◆ **DATA IN THIS EXERCISE**
- - - - - - -
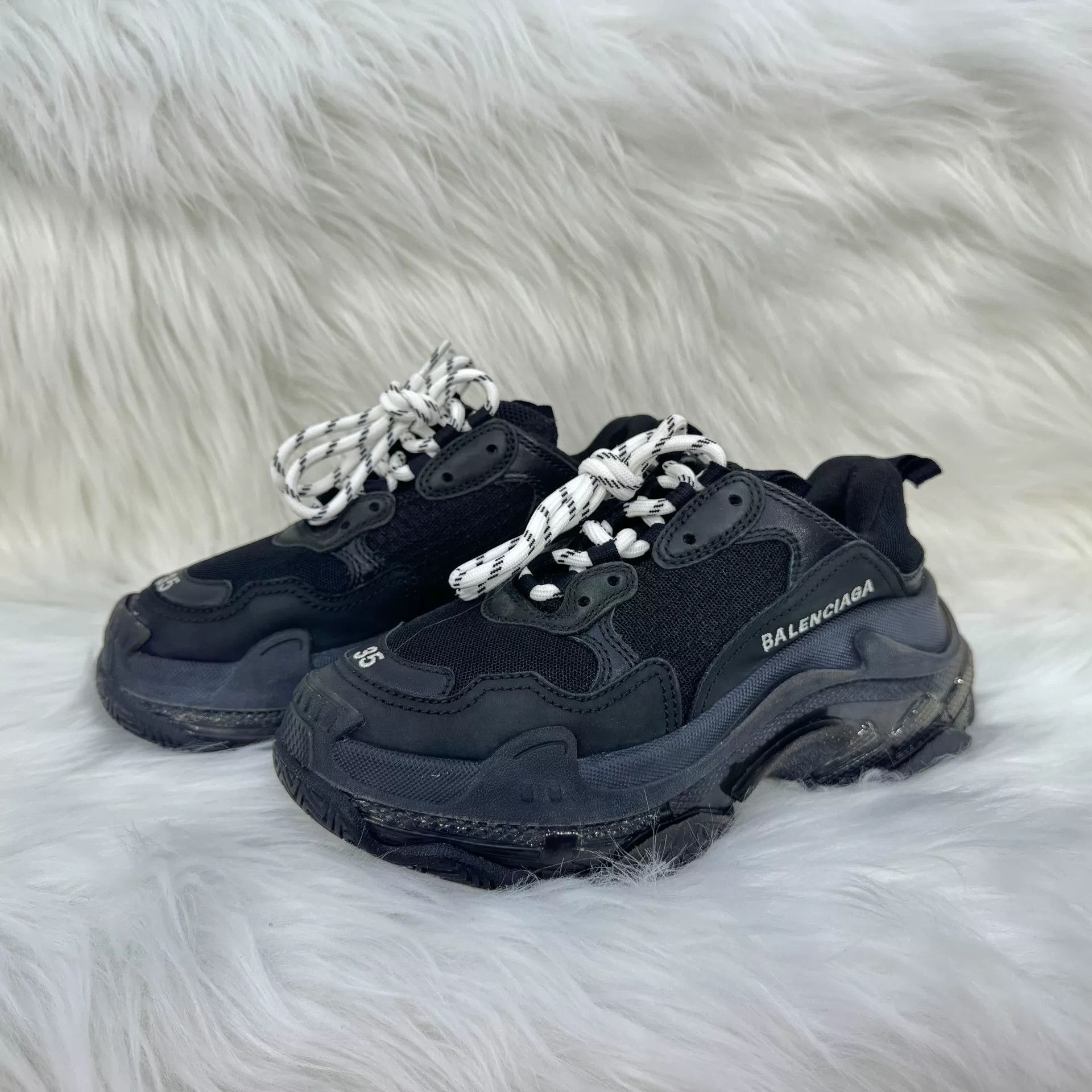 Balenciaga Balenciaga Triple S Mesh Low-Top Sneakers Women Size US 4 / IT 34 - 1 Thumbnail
- - - - - - -
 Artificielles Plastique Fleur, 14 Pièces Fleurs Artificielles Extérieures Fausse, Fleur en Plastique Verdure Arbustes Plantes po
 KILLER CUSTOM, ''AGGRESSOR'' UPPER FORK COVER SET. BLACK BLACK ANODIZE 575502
- - - - - - -
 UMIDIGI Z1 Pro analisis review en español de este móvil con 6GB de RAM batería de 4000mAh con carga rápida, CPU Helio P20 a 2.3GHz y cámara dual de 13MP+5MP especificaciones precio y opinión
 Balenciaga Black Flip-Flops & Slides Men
- - - - - - -
◆ **WHAT IS EXPECTED**
Copy back the listing above exactly, but only from the line with "Artificielles Plastique Fleur, 14" through the line with "KILLER CUSTOM, ''AGGRESSOR''", both ends included.

◆ **TASK ANSWER**
 Artificielles Plastique Fleur, 14 Pièces Fleurs Artificielles Extérieures Fausse, Fleur en Plastique Verdure Arbustes Plantes po
 KILLER CUSTOM, ''AGGRESSOR'' UPPER FORK COVER SET. BLACK BLACK ANODIZE 575502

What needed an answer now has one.